On a raw, rainy pre-dawn April morning in 1892, some 50 armed men—wealthy members of the Wyoming Stock Growers Association and their cadre of hired killers—surrounded the small cabin of Nate Champion’s KC Ranch. Champion’s name, and that of his partner, Nick Ray, topped a death list that the small army carried when they invaded Johnson County the day before. Ostensibly, they were on a mission to eliminate rustlers; the list, however, included small ranchers, everyday citizens, and the county sheriff—essentially, anyone whom they considered “undesirable.” And while Nate might not have been a rustler, he was the unofficial spokesman for the small ranchers of the region, and a thorn in the side of the cattle barons. Six of the cattlemen’s hired killers had attempted to ambush him months earlier, but Nate had shot one and driven the others off.
When Nick walked unsuspecting out of the cabin, he was met with a fusillade from the stable, 75 yards away. He fell mortally wounded, whereupon Nate, Winchester in hand, bolted out of the cabin, seized his friend’s collar, and dragged him inside while firing back at the gunmen.

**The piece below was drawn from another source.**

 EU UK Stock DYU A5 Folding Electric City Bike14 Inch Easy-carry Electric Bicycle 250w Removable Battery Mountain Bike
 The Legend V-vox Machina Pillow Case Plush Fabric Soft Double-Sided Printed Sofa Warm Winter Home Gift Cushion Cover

Thus began a siege that lasted nearly the entire day, pitting one lone man against 50. It was, perhaps, the most unique siege in the annals of the West, mainly because Nate Champion—while thousands of rounds turned the inside of the cabin to splinters, and his friend and partner lay dying just a few feet away—had the presence of mind to keep a journal of the event.
Written in pencil in a little red tally book, it is a remarkable document. It begins matter-of-factly: “Me and Nick Ray was getting breakfast when the attack took place.”
At times, the shelling grew intense: “They are still shooting and are all around the house,” reads one entry. “Boys, there is bullets coming in like hail.”
Nate saw to his dying friend as best he could—“Nick is shot but not dead yet. I must go and wait on him.”— but there wasn’t much to be done.Miraculously, Nick clung to life for a few hours, but eventually, Nate wrote, “Nick is dead. He died about 9 o’clock.”
Assessing his situation, Champion realized that surrender was not an option, and that his situation was grim, if not hopeless. “I don’t think they intend to let me get away this time.” Yet, only once does he allow his emotions to show.“Boys, I feel pretty lonesome just now. I wish there was someone with me so we could watch all sides at once….It don’t look as if there is much show of my getting away.”
An excellent shot, Nate managed to score a few hits on his attackers, but as the day wore on, they settled on a strategy against which he had no defense. At around 4 p.m., he wrote,
“Well they have just got through shelling the house like hail. I hear them splitting wood. I guess they are going to fire the house tonight. I think I will make a break when night comes, if alive.”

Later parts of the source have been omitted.